DATA FOR THE TASK:
Start of Block

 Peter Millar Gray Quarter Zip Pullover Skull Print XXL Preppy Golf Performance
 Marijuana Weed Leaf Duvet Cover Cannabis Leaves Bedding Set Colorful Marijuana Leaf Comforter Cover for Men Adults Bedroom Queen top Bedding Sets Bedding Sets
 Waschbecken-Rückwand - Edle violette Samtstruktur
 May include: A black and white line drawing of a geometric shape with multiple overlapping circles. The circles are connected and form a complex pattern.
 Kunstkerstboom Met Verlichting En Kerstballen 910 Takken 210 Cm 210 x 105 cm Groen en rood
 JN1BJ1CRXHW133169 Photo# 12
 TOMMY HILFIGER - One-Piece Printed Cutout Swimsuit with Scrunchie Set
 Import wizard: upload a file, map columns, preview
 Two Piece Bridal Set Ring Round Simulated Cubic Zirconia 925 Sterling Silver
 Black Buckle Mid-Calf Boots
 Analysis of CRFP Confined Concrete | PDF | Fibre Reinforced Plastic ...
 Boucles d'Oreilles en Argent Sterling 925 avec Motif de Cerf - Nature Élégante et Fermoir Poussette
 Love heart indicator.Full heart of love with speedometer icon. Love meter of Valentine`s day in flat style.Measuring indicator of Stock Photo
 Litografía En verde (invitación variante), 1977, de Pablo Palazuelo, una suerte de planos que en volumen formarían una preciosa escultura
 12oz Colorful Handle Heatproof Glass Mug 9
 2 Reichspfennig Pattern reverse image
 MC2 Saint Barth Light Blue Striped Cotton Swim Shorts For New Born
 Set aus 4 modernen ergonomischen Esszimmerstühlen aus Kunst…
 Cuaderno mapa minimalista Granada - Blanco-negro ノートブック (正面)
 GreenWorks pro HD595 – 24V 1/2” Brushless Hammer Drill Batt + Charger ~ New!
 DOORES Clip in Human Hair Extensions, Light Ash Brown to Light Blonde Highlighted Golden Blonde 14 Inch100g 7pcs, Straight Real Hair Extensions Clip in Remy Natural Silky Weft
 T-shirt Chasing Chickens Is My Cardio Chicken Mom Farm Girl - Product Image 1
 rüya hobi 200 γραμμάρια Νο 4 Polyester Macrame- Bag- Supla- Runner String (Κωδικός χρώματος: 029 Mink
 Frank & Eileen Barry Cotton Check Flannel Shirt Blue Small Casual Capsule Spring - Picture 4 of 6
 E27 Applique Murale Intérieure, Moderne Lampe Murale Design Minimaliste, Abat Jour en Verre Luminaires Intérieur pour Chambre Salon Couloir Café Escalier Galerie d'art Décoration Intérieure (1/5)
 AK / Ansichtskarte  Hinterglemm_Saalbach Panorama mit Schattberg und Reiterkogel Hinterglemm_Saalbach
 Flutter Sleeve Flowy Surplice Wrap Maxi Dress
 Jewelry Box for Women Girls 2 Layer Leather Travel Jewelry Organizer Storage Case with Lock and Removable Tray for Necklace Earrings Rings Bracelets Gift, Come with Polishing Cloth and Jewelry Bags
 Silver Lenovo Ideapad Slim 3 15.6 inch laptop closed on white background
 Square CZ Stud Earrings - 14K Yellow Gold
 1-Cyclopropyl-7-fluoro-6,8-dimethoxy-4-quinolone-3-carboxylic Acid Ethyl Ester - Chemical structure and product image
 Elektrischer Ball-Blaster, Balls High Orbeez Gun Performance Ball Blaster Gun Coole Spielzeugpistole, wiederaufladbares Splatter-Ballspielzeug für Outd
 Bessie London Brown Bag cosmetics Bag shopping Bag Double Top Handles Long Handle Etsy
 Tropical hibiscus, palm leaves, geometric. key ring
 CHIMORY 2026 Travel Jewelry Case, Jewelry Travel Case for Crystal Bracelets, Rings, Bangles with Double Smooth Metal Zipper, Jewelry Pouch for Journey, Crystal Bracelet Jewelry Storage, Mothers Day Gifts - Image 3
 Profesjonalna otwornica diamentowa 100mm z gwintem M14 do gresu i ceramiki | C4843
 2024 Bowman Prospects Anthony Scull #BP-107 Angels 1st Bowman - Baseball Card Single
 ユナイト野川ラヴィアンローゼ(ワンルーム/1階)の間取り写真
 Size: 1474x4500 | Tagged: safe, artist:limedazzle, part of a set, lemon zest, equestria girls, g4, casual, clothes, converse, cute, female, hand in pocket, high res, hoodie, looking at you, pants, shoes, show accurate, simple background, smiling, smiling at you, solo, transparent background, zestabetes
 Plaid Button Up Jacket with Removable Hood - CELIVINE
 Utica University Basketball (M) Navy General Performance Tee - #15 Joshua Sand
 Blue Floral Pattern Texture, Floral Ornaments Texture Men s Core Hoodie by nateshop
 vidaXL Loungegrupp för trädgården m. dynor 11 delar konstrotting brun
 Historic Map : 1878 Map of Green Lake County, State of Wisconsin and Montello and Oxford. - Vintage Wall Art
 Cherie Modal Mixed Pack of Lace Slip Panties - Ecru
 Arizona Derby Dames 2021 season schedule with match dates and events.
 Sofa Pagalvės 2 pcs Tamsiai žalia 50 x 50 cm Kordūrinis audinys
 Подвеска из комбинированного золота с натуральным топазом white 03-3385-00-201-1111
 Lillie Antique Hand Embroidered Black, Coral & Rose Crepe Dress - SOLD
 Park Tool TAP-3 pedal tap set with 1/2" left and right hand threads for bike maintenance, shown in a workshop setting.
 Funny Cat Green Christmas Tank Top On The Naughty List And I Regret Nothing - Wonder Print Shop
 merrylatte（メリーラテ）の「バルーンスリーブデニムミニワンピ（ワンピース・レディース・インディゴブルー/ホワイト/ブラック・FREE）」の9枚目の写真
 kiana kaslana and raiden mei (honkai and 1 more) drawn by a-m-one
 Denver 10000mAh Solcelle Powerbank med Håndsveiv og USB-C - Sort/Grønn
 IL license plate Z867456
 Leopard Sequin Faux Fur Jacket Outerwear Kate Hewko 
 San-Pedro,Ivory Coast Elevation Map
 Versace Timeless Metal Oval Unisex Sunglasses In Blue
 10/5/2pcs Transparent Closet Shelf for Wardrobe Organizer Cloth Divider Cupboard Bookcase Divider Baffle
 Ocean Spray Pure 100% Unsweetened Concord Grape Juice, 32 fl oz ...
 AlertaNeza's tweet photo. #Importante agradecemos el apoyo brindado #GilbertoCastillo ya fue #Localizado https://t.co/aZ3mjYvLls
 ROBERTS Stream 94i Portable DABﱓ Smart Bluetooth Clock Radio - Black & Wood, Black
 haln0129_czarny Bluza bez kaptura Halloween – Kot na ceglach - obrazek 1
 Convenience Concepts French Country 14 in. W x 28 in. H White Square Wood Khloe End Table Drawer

End of Block

WHAT YOU SHOULD DO: Print exactly the stretch of lines beginning with the one that holds "Blue Floral Pattern" and ending at the last line above.

RESPONSE BELOW:
 Blue Floral Pattern Texture, Floral Ornaments Texture Men s Core Hoodie by nateshop
 vidaXL Loungegrupp för trädgården m. dynor 11 delar konstrotting brun
 Historic Map : 1878 Map of Green Lake County, State of Wisconsin and Montello and Oxford. - Vintage Wall Art
 Cherie Modal Mixed Pack of Lace Slip Panties - Ecru
 Arizona Derby Dames 2021 season schedule with match dates and events.
 Sofa Pagalvės 2 pcs Tamsiai žalia 50 x 50 cm Kordūrinis audinys
 Подвеска из комбинированного золота с натуральным топазом white 03-3385-00-201-1111
 Lillie Antique Hand Embroidered Black, Coral & Rose Crepe Dress - SOLD
 Park Tool TAP-3 pedal tap set with 1/2" left and right hand threads for bike maintenance, shown in a workshop setting.
 Funny Cat Green Christmas Tank Top On The Naughty List And I Regret Nothing - Wonder Print Shop
 merrylatte（メリーラテ）の「バルーンスリーブデニムミニワンピ（ワンピース・レディース・インディゴブルー/ホワイト/ブラック・FREE）」の9枚目の写真
 kiana kaslana and raiden mei (honkai and 1 more) drawn by a-m-one
 Denver 10000mAh Solcelle Powerbank med Håndsveiv og USB-C - Sort/Grønn
 IL license plate Z867456
 Leopard Sequin Faux Fur Jacket Outerwear Kate Hewko 
 San-Pedro,Ivory Coast Elevation Map
 Versace Timeless Metal Oval Unisex Sunglasses In Blue
 10/5/2pcs Transparent Closet Shelf for Wardrobe Organizer Cloth Divider Cupboard Bookcase Divider Baffle
 Ocean Spray Pure 100% Unsweetened Concord Grape Juice, 32 fl oz ...
 AlertaNeza's tweet photo. #Importante agradecemos el apoyo brindado #GilbertoCastillo ya fue #Localizado https://t.co/aZ3mjYvLls
 ROBERTS Stream 94i Portable DABﱓ Smart Bluetooth Clock Radio - Black & Wood, Black
 haln0129_czarny Bluza bez kaptura Halloween – Kot na ceglach - obrazek 1
 Convenience Concepts French Country 14 in. W x 28 in. H White Square Wood Khloe End Table Drawer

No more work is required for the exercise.